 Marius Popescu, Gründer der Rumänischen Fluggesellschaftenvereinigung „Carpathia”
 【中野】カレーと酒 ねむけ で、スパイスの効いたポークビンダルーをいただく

* * * * *

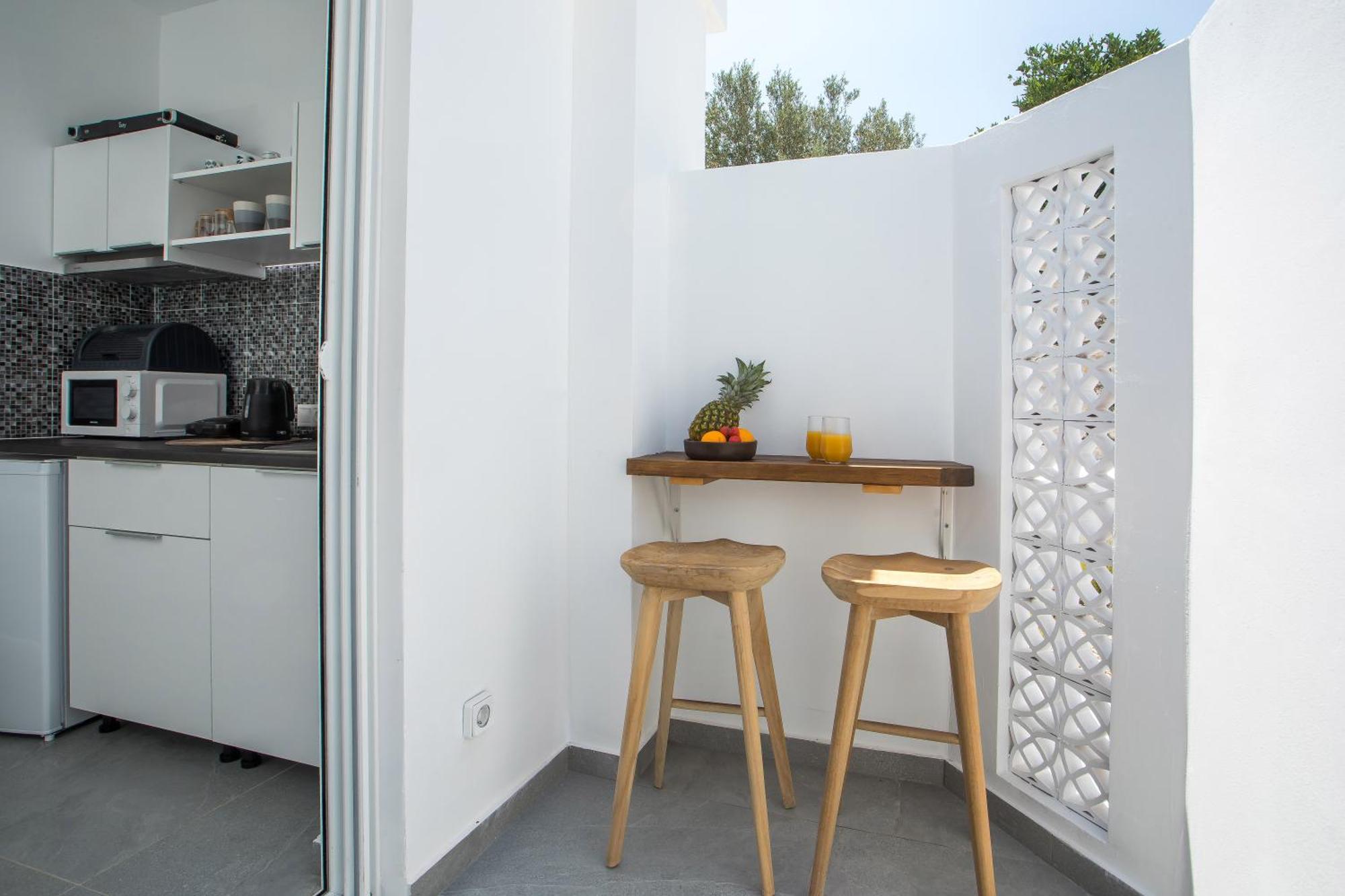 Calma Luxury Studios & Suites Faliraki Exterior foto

* * * * *

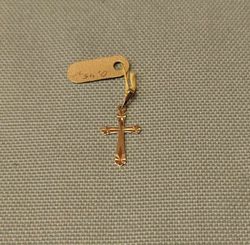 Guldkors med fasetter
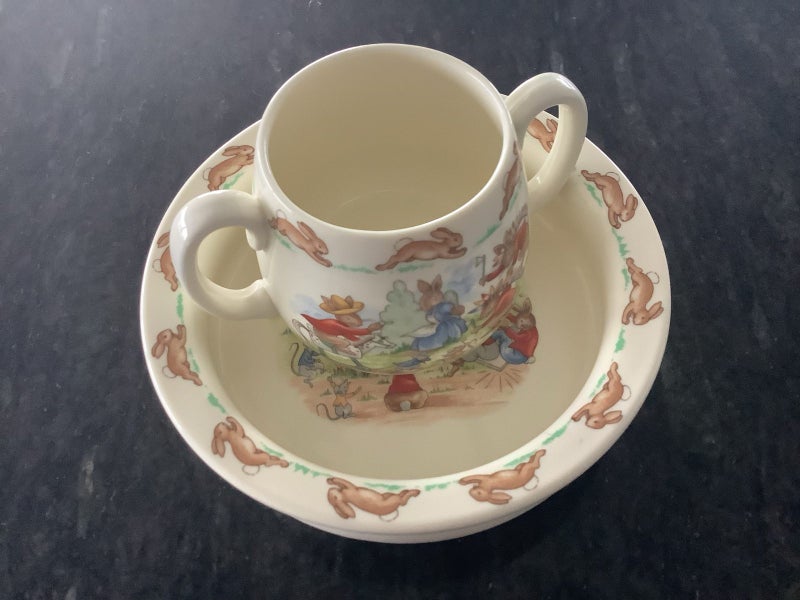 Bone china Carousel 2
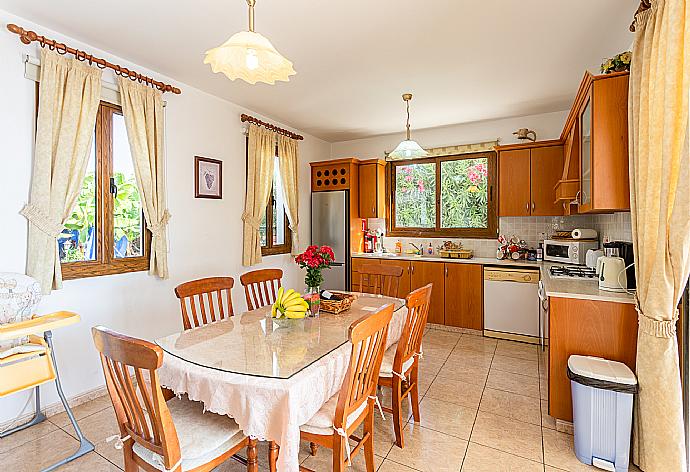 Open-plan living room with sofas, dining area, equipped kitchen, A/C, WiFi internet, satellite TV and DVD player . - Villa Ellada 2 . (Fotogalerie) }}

* * * * *

#### Exercise:
Pictures are to be left out. Write out only the lines above starting at the one with "Guldkors med fasetter" and ending at the one with "Open-plan living room", both lines included, exactly.

#### Written reply:
 Guldkors med fasetter
 Bone china Carousel 2
 Open-plan living room with sofas, dining area, equipped kitchen, A/C, WiFi internet, satellite TV and DVD player . - Villa Ellada 2 . (Fotogalerie) }}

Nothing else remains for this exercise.